2.Make people the priority, not pleasures or possessions. When the people around you—family, strangers, coworkers, neighbors, friends, clients—become the priority and serving their needs becomes a consistent discipline in our lives, pleasures and possessions seem almost immediately inconsequential. Taking action on others’ urgent or even semi-urgent needs begets a spirit of generosity. A spirit of generosity begets hope, and hope, of course, is the prevailing confident expectation that in God’s economy, there is enough for everyone.
3.Save to give over save to live. As I have learned how to say no and worked, with failure and flaws, of course, to make people the priority, I have seen that saving money for the purpose of giving to those individuals and organizations in need is fun. My family and I have a blast deciding who we can help and then helping them. Our commitment to simply living with enough gives my wife and three kids a way to rally and work on a project together.
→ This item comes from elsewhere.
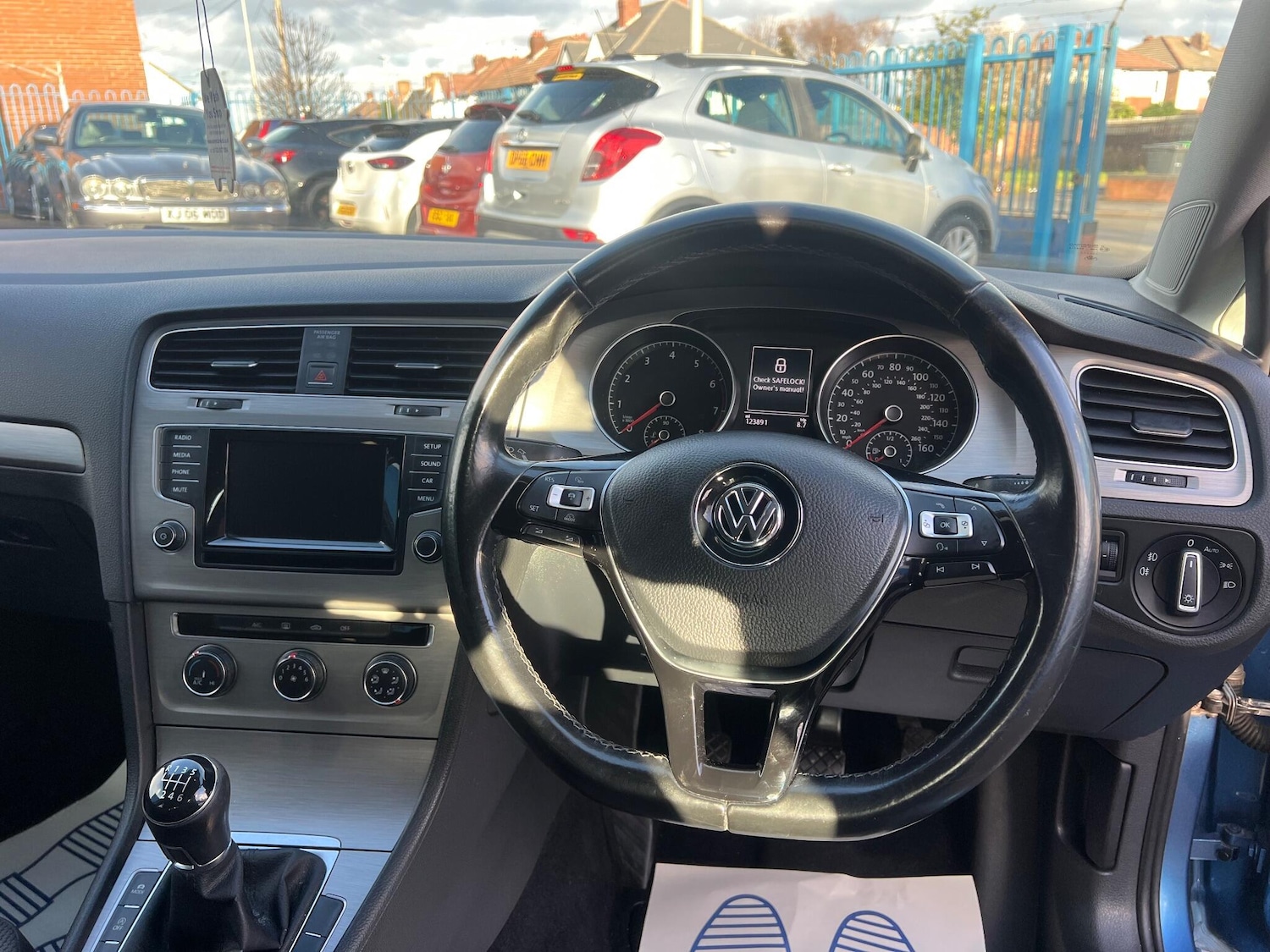Used Volkswagen Golf 2015 for sale - 77278779: Photo 14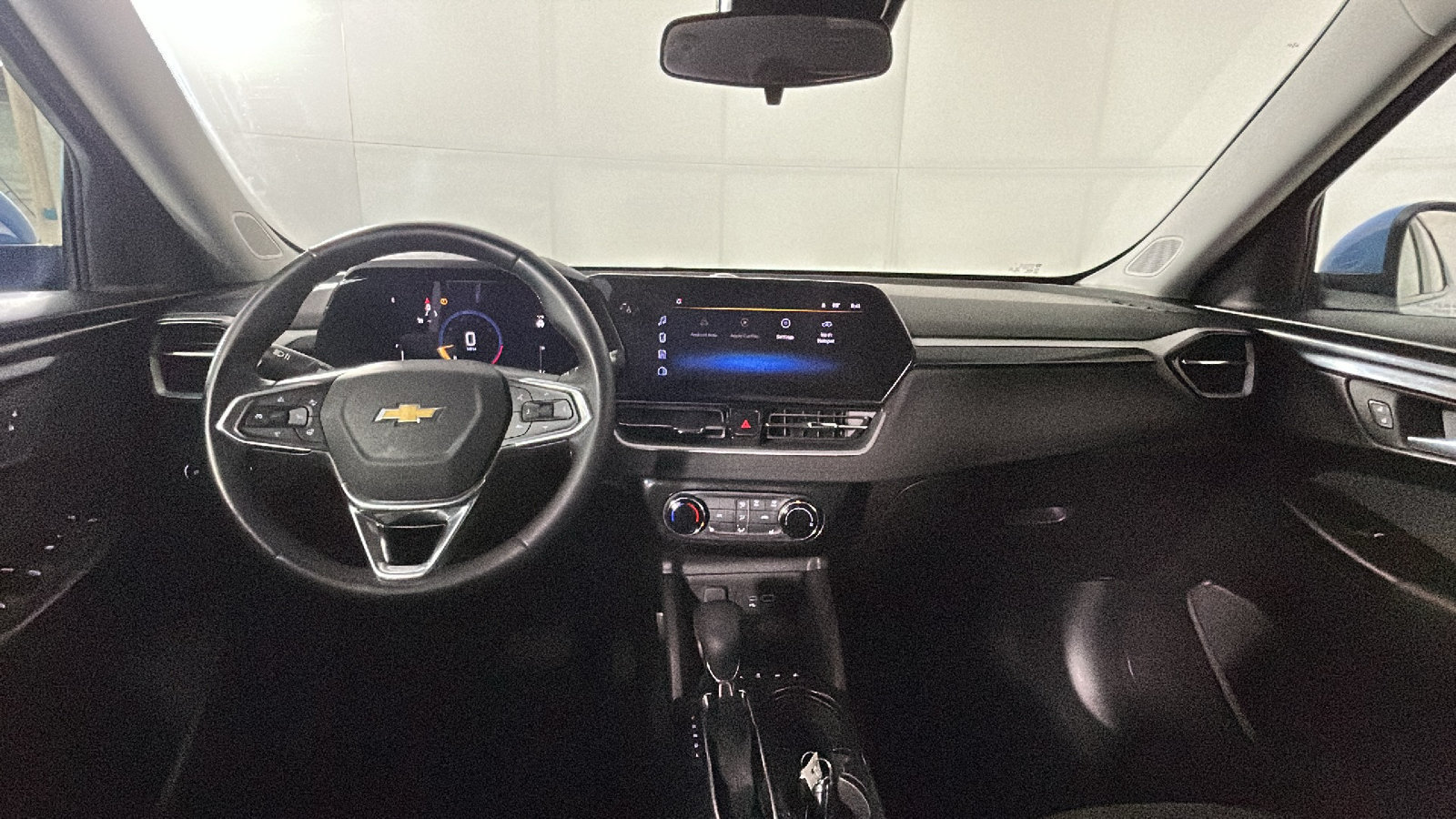 Used 2024 Chevrolet TrailBlazer LT w/ LT Cold Weather Package FWD image 32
Last month, at the suggestion of my youngest son, who is fifteen, we fed fifteen individual families for five days each. Instead of saving to live with more, we’ve been saving to give more, and honestly, it is so much fun!
Deeply committed disciples discipline themselves to avoid falling into the trap of chasing “stuff” and by being consumed by the wants and wishes of life. Instead, deeply committed disciples choose simplicity—they choose to be content with enough. “Let me have all things” is not a prayer for resources and reserves. Within the context of the whole prayer, these short words guide deeply committed disciples toward surrender and humility, especially when the “all things” counterpart of “nothing” is a very real possibility.
Today’s Challenge:
THE GIVEAWAY
Pick an item of yours that has value or that you associate value to. Select a person to give it to, and then give it to them.
Personal Reflection
•Do I struggle with “things”?
•With what do I associate happiness?
Group Discussion
•Do you ever find yourself comparing your “stuff” with that of others? In what ways?
•Do you ever find yourself comparing your happiness to others? In what ways?
•What do you think it means to have enough?
•How do you avoid falling into the trap of chasing stuff?
•What would you say is the main idea of this part of the prayer?
Departing Prayer
Help us to see with eyes of compassion and not eyes of comparison. Teach us, God, to learn to be content with enough and avoid the chasing of material possessions. Also, where we see those without enough, grant us the ability to help. Amen.